Gut microbiota is a complex microorganism in the human GI tract that plays a crucial role in maintaining health²⁵. Gut microbiota can help to metabolize some indigestible dietary components and to prevent pathogen colonization in the GI tract²⁶. Gut microbiota mainly comprises two major phyla, Firmicutes and Bacteroidetes, and some minor phyla, such as Proteobacteria, and Actinobacteria²⁷. Alteration of gut microbiota can influence different metabolic disorders, the immune system, and also the central nervous system through the gut-brain axis²⁸. Recent studies show that there are links between gut microbiota and Alzheimer’s disease. Gut microbiota is affected by lifestyle, including food intake and habits. Host dietary components are used as substrates and energy sources to prevent pathogenic bacteria and produce beneficial metabolites²⁹. Proteobacteria is one of the gut microbiota phyla that comprises several human pathogens³⁰. Pathogenic infections such as Chlamydophila pneumoniae, Helicobacter pylori, Toxoplasma gondii, and others might contribute to the pathogenesis of Alzheimer’s disease³¹. Besides Proteobacteria, gut dysbiosis is linked to AD progression. Gut dysbiosis is a phenomenon where gut microbiota is altered that mainly showed by increasing ratio of Firmicutes to Bacteroidetes^32,33. Gut dysbiosis is associated with several AD pathology, such as accumulation of intestinal amyloid precursor protein (APP), induction of systemic inflammation by proinflammatory neurotoxin and bacterial lipopolysaccharide (LPS), and alteration of blood-brain barrier (BBB)^33,34,35,36.

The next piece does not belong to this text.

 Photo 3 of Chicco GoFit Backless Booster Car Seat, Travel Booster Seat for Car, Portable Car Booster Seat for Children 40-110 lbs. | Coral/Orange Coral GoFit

BRBs contain high amounts of polyphenols which can act as antimicrobial agent, especially for H. pylori^37,38. Helicobacter, particularly Helicobacter pylori is a gram-negative bacterium that mainly resides in the gastric and induces several inflammatory responses due to its virulence factor³⁹. H. pylori infection can cause disruption of tight junction, and this disruption can lead to increased proinflammatory cytokines and harmful metabolites (e.g. bacterial amyloids and trimethylamine-N-oxide (TMAO)) ⁴⁰. These harmful substances produced by pathogens enter the circulatory system, disrupt BBB and induce an immune response in the central nervous system³³. H. pylori can induce a neuroinflammatory response in the C57BL6 WT mice through circulating proinflammatory cytokines⁴¹. Eradication of H. pylori from AD subjects result in improved cognition compared with AD patients who did not receive H. pylori eradication therapy⁴².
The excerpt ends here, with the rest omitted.